**Assignment**
Your output should consist solely of the lines from the one with "A beautiful landscape" through the end of the records, reproduced exactly, both ends included.

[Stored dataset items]
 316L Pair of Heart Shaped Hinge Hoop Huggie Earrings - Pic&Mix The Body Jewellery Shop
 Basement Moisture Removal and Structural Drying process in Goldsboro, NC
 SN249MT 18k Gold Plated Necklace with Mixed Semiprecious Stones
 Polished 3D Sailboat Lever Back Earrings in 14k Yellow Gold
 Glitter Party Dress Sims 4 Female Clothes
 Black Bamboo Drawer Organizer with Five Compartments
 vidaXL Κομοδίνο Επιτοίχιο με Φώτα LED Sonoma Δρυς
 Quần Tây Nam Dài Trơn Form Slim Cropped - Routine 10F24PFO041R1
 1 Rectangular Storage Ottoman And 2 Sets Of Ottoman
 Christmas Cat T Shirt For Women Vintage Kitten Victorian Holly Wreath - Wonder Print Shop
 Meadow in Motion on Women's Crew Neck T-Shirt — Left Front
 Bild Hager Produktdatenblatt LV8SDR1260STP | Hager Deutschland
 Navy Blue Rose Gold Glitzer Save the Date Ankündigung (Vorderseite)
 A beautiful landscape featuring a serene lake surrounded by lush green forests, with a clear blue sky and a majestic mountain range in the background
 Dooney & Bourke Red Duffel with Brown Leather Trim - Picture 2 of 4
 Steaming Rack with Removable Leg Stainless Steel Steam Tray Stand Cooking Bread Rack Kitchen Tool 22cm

**Answer below**
 A beautiful landscape featuring a serene lake surrounded by lush green forests, with a clear blue sky and a majestic mountain range in the background
 Dooney & Bourke Red Duffel with Brown Leather Trim - Picture 2 of 4
 Steaming Rack with Removable Leg Stainless Steel Steam Tray Stand Cooking Bread Rack Kitchen Tool 22cm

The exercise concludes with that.